Women winning battle of sexes in Amateur Championships
Last year’s victorious European Solheim Cup team featured five players who all had one thing in common: they were all recent winners of the Womens Amateur Championship.
Celine Boutier (2015), Georgia Hall (2013), Azahara Munoz (2009), Anna Nordqvist (2008) and Carlota Ciganda (2007) helped Europe defeat the United States at Gleneagles in arguably the greatest Solheim Cup ever.
Five of 12 is a pretty good return from the Womens Amateur, which was scheduled to take place this week at Kilmarnock (Barassie). It will now take place at West Lancs Golf Club August 25-30, with Kilmarnock set for the 2021 championship.

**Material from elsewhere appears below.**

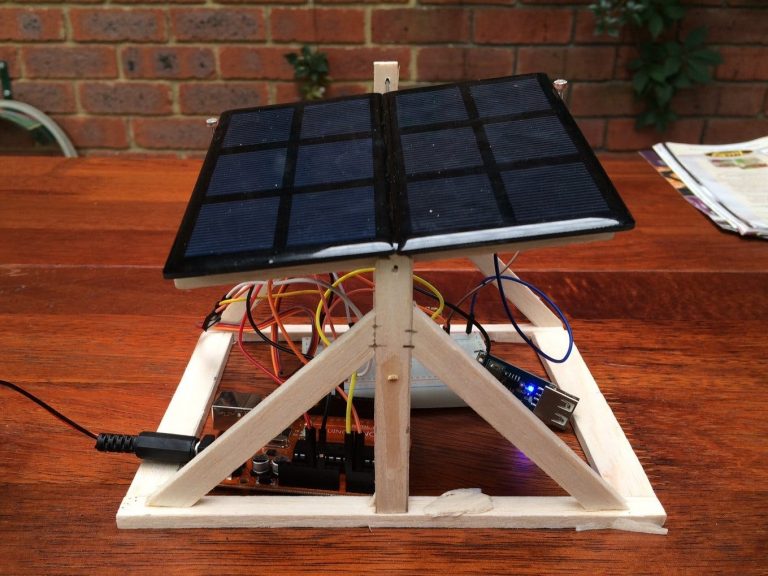 Read more about the article Solar panel sun tracker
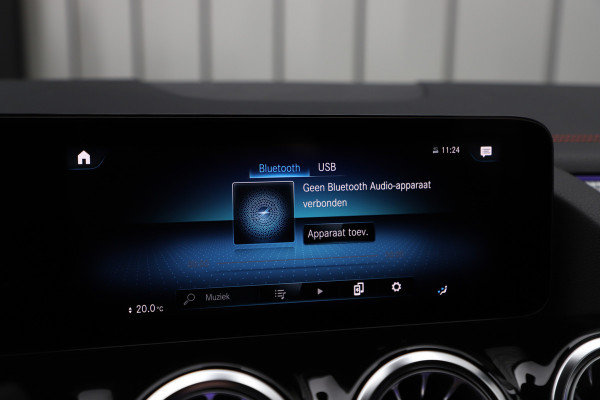 Mercedes-Benz EQA 250 AMG 67 kWh | 190PK | Led | Sfeerverlichting | Widescreen | Clima | Stoelverwarming | Elek. Kofferklep | Standkachel | 2023.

Contrast Europe’s 2018 winning Ryder Cup team. Only one of Thomas Bjorn’s players had an Amateur Championship victory to his name: Sergio Garcia won the 1998 Amateur at Muirfield. Tommy Fleetwood deserves an asterisk: he lost in the 2008 final at Turnberry to Dutchman Reinier Saxton.
Jose Maria Olazabal is the only other player in recent years to win the Amateur and go on to play in the Ryder Cup. Olazabal defeated Colin Montgomerie in the 1984 final at Formby.
What does two winners since 1984 to play in the Ryder Cup against five champions since 2007 to play in the Solheim tell us about the relative merits of the Amateur Championships? Is it a mere anomaly? Or does the Womens Amateur Championship give us a better indication of future accomplishments than the men’s version?
Ciganda’s defeated Nordqvist 4&3 at Alwoodley in 2007. It was Nordqvist’s second straight runner-up. Nordqvist made it third time lucky the following year at North Berwick when she bettered compatriot Caroline Hedwall 3&2. Hedwall was at Gleneagles last year, too.
I was lucky enough to cover the Women’s Amateur from 2004-2007. I managed to persuade my editor at Golfweek we needed to cover both the premier amateur championships on this side of the pond, not just the men’s. It wasn’t long before the women’s championship got pulled for financial reasons. The men’s followed last year when the then Golfweek editor decided covering the Amateur Championship at Portmarnock was just a tad too expensive. It brought 20 straight years of covering the championship crashing to an end. So much for Golfweek’s proud history of covering the most important amateur events. It’s what happens when you put people in charge with very little golf knowledge. Hey ho.
Anyway, I remember back in 2007 thinking Ciganda had a far better future in the women’s game than that year’s Amateur champion had in men’s golf. So it’s proved. Drew Weaver won 2007 Amateur Championship at Royal Lytham. Nice guy, but he’s still trying to find a foothold on the PGA Tour. He’s currently on the Korn Ferry Circuit.
Ciganda was still in high school, looking forward to life in college golf. She could have named the school of her choice, she was that good. Here’s what I wrote 13 years ago:
“Spain’s Carlota Ciganda is going to make a big hit in college golf when she joins the collegiate circuit. With a game that features 300 yard drives, a beautiful wedge game and a silky putting touch, she will look good in most college programs.”
She ended up at Arizona State where, among other accolades, she made history by becoming the first player to win back-to-back Pac-10 Championships in 2009 and 2010. She has gone on to play in four Solheim Cups and has two LPGA wins.
I labelled Nordqvist the “Ice Maiden” when I watched her play in those two finals; she looked so calm under pressure. She just lost to better players. I wasn’t surprised when she won the following year. She’s now played in six Solheim Cups, won eight LPGA tournaments including two majors – the 2009 LPGA Championship and 2017 Evian Championship.
Hall is also a major winner, the 2018 Ricoh Women’s British Open, and has played in the last two Solheim matches.
Munoz is a four-time Solheim player with one LPGA victory. Boutier made her Solheim Cup debut last year after earning her maiden LPGA win in the ISPS Handa Vic Open.
The crop of men’s Amateur champions since 2007 can’t even come close to the above. None have made it to a Ryder Cup while only two have gone on to European Tour wins. Matteo Manassero parlayed four European Tour victories from his 2009 Amateur win, while 2010 champion Jin Jeong won the 2013 ISPS Handa Perth International. Sadly, both are now struggling.
Seems pretty obvious women are winning the battle of the sexes in recent Amateur Championships. Why? Answers on a postcard please.